The Adamic Administration

Some have argued that John Murray did not reject the covenant of works. They insist that all the elements of the Covenant of Works are present in his view, he just chose not to use that language. This argument has plausibility with regards to Murray’s rejection of the term “covenant.” All one has to do is point out that he defined covenant wrong. He still held to all the elements of a covenant with Adam when covenant is properly defined.

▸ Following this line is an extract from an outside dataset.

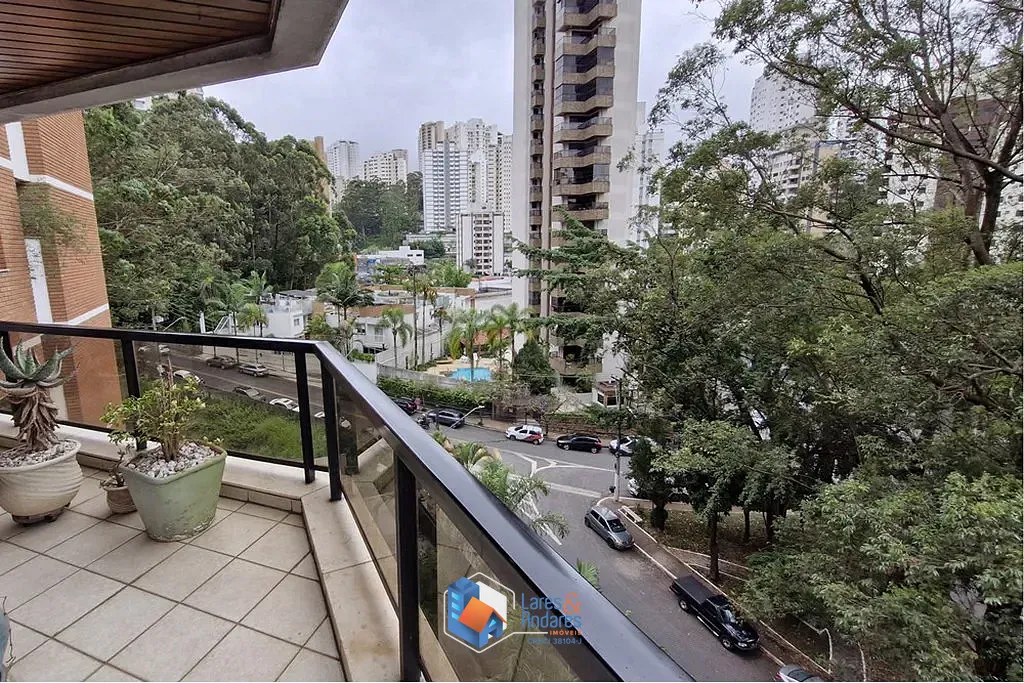 Apartamento, 5 quartos, 219 m² - Foto 35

However, most tend to overlook the much more important reason Murray had for rejecting the Covenant of Works. Murray explicitly argued that the reward of eternal life would not have been by works. It would have been a gift of God’s grace, not a reward of debt according to justice. What Murray was rejecting was the concept of ex pacto or covenantal merit, known as “the works principle.” Thus, while one could argue he held to an Adamic Covenant (by rejecting Murray’s definition of covenant), he did not hold to an Adamic Covenant of Works.

Part of his argument is that there is no works principle found anywhere in Scripture – pre or post-fall. “In connection with the promise of life it does not appear justifiable to appeal, as frequently has been done, to the principle enunciated in certain texts (cf. Lev. 18:5; Rom. 10:5; Gal. 3:12), ‘This do and thou shalt live’.”

In a paper on confessional subscription, J.V. Fesko says

Murray did not accept the Standards’ teaching regarding the Covenant of Works… Murray did not believe that he held to the common Reformed position that was historically advocated by Reformed theologians or by the Westminster Standards. In fact, he saw himself as a self-avowed revisionist on the subject of covenant theology…

What led Murray to reject the Covenant of Works?

Many focus on the rise of dispensationalism and Murray’s response to it as an explanation for his rejection of the Covenant of Works. In other words, he just over-reacted to dispensationalism by flattening out all of Scripture.

However, Murray actually said he was influenced by Karl Barth on this point. Ligon Duncan explains:

Now, here is the inside scoop. As Donald Macleod talked with John Murray when he came back from Scotland, there were a number of things that had made a major impact on Murray with regard to Covenant Theology. For one thing, Murray was impacted by Vos and by a guy named Adolph Desmond. Desmond was a big time German New Testament scholar at the turn of the twentieth century who had argued very strongly that Covenant should not be translated as a contract or a treaty or a mutual relationship, but it ought to be translated as a disposition or a testament, something that was one-sided as opposed to two-sided. And Desmond did this because he had uncovered all this literature from Greek legal documents contemporary to the New Testament and many New Testament scholars followed Desmond for a period of time. His views have since then been overturned, but he was very influential in the first part of the twentieth century. And so Murray was very influenced by this one-sided idea of covenant. And he found the obediential aspect of the historic Covenant of Works to be a little two-sided for his taste. So, you will see him, when he defines covenant in his little tract called The Covenant of Grace, he will define it in a very one-sided, a very monopluric sort of way. And he is following Vos there and he is following Desmond.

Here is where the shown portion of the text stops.